There is a Variant field "events" that is made up of an Array storing Objects(aka dictionaries, key-value pairs), as per the below:
[
{ "field_name": "status", "id": 987418431597, "previous_value": "new", "type": "Change", "value": "pending"},
{ "field_name": "360020024138", "id": 987418431617, "previous_value": null, "type": "Change", "value": "#55927" },
{ "field_name": "360016698218", "id": 987418431637, "previous_value": null, "type": "Change", "value": "0681102386"},
{ "field_name": "360016774537", "id": 987418431657, "previous_value": null, "type": "Change", "value": "89367031562011632212"}
]
This field belongs to an event log, and I am trying to use the content of "events" as a filter to get the related timestamps and ids.
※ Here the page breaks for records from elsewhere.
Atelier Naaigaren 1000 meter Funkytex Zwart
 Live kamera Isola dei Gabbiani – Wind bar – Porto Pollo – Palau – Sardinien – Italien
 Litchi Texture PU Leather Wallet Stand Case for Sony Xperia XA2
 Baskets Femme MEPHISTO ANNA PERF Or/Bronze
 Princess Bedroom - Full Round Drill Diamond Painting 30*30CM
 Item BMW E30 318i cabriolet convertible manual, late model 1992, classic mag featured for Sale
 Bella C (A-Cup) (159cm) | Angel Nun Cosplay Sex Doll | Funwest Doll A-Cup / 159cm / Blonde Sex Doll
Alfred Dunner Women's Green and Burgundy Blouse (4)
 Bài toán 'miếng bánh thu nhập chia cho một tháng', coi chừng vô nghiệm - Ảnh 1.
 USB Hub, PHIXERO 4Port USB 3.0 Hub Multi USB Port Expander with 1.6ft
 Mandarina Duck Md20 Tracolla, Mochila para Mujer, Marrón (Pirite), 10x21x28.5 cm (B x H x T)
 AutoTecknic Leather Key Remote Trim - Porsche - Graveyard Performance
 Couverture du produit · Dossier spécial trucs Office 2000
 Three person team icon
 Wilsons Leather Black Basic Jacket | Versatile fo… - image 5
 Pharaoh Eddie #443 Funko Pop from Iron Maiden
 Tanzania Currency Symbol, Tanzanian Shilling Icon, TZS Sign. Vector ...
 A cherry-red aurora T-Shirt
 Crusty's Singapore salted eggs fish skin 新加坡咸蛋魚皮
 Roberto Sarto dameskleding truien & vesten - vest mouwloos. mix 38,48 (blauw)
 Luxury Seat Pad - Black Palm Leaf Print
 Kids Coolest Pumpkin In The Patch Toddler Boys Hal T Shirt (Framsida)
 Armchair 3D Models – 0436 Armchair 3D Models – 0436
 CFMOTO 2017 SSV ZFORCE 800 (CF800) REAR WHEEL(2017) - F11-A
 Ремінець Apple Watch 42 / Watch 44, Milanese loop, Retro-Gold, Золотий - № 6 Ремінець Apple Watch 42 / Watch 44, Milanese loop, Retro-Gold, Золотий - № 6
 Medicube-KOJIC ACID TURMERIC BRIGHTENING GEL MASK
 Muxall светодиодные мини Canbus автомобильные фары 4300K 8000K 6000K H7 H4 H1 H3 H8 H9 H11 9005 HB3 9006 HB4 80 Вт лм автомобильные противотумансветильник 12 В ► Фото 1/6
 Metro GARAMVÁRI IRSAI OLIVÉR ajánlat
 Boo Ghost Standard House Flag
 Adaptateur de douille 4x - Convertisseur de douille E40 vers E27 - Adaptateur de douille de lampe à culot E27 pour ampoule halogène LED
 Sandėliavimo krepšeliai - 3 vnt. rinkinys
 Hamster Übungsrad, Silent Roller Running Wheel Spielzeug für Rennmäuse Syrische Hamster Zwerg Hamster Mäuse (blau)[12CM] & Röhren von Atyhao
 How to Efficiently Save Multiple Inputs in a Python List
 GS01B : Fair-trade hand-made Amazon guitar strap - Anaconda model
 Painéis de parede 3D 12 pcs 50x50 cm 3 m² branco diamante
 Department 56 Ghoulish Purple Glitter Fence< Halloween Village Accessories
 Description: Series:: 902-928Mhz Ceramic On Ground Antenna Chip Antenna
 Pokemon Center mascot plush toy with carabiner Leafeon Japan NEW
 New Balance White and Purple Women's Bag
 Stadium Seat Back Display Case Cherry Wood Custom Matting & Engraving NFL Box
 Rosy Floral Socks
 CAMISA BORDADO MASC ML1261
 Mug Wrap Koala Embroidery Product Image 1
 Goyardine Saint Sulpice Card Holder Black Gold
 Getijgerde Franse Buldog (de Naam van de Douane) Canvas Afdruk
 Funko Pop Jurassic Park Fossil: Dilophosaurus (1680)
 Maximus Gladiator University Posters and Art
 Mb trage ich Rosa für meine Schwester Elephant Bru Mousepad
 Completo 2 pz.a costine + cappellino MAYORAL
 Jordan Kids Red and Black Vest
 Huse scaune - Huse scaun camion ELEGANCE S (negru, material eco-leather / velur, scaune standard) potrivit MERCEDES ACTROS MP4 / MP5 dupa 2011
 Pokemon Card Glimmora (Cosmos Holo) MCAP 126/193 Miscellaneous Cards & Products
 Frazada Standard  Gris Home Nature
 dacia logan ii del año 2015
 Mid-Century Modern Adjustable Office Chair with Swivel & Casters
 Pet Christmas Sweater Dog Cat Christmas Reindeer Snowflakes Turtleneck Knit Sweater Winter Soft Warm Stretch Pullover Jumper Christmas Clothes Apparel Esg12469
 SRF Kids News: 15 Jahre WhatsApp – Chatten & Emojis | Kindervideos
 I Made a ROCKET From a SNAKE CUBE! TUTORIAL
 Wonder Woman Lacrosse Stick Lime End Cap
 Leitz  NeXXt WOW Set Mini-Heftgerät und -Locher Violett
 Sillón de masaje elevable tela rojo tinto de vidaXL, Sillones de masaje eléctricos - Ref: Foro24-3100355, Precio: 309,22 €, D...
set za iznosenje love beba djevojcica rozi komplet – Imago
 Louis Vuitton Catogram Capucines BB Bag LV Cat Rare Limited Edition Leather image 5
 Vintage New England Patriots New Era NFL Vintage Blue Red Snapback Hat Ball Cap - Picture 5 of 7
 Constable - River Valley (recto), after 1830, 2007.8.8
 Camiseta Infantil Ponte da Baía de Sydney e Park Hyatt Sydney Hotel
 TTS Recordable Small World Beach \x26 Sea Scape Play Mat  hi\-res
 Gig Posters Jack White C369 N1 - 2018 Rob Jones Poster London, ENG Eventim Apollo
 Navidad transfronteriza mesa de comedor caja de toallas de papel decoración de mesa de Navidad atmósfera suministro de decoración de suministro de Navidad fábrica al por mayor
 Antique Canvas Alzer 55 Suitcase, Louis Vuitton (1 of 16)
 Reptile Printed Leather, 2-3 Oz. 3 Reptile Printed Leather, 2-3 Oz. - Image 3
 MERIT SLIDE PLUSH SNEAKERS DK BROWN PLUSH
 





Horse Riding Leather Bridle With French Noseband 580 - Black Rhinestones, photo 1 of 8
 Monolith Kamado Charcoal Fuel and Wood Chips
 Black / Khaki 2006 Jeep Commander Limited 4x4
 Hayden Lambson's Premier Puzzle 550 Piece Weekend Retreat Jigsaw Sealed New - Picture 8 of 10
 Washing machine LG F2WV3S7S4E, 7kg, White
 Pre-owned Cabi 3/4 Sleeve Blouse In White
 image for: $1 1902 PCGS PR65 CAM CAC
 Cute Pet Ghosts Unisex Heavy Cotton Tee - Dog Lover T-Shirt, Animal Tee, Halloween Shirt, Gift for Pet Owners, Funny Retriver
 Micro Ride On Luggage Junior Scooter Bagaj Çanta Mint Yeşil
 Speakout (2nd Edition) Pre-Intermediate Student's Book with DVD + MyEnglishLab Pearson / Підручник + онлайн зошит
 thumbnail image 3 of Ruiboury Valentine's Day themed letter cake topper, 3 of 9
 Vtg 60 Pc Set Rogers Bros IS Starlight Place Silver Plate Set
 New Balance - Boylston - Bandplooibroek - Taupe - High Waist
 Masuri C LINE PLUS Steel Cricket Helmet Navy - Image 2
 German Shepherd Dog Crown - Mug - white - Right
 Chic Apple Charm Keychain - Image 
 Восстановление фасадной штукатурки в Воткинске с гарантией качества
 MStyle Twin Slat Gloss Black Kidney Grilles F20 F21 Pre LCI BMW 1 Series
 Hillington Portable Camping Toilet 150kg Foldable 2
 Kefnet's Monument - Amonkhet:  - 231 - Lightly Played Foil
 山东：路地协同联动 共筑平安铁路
Through the Snowflake documentation on Flatten I found out that the recursive => True parameter allows me to expand the Variant all the way down to its nested objects, but with hopes of optimising code, I wanted to use the path parameter, to selectively expand "events" only for the Objects I was interested in.
However, for some reason, Flatten does not allow me to pass a numeric path to identify the Array index of Object that I want to expand, as:
select b.*
from "event_log" a
,lateral flatten (input => a."events", path => 0) b limit 100;
returns: invalid type [NUMBER(1,0)] for parameter 'path'
and
select b.*
from "event_log" a
, lateral flatten (input => a."events", path => [0]) b limit 100;
returns: Syntax error: unexpected '['. (line 162)
Ironically, when using recursive => True, the b.path field represent indexes like this [i].
The example in the SFlake docs makes an example of the use of the path parameter with an Object that stores Arrays, whereas here "events" is made up of an Array of Objects, so I actually do not have any working example for this type of Variants.